* Exercise brief *
Every line containing "space" should be copied out. Go through the entries and find them.

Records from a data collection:
((

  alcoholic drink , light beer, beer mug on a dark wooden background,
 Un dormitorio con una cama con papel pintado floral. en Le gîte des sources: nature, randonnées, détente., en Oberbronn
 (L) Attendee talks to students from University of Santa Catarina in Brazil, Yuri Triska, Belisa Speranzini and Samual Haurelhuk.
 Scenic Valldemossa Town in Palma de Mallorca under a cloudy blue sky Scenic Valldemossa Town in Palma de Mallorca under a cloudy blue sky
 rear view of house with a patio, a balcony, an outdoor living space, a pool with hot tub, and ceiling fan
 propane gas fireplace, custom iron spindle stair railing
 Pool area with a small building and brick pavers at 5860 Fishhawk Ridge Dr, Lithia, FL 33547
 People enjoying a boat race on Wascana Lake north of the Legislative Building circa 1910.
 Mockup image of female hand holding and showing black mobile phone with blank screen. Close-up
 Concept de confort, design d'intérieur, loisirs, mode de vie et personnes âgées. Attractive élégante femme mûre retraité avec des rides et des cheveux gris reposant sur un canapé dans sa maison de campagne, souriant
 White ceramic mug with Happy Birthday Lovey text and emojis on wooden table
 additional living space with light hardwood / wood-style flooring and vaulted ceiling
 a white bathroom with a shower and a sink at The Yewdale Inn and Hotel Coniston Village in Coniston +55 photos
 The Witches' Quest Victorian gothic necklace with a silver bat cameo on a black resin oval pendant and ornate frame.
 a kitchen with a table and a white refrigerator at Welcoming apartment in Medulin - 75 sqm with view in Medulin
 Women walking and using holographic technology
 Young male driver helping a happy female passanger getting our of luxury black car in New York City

))

* Response to the task *
 rear view of house with a patio, a balcony, an outdoor living space, a pool with hot tub, and ceiling fan
 additional living space with light hardwood / wood-style flooring and vaulted ceiling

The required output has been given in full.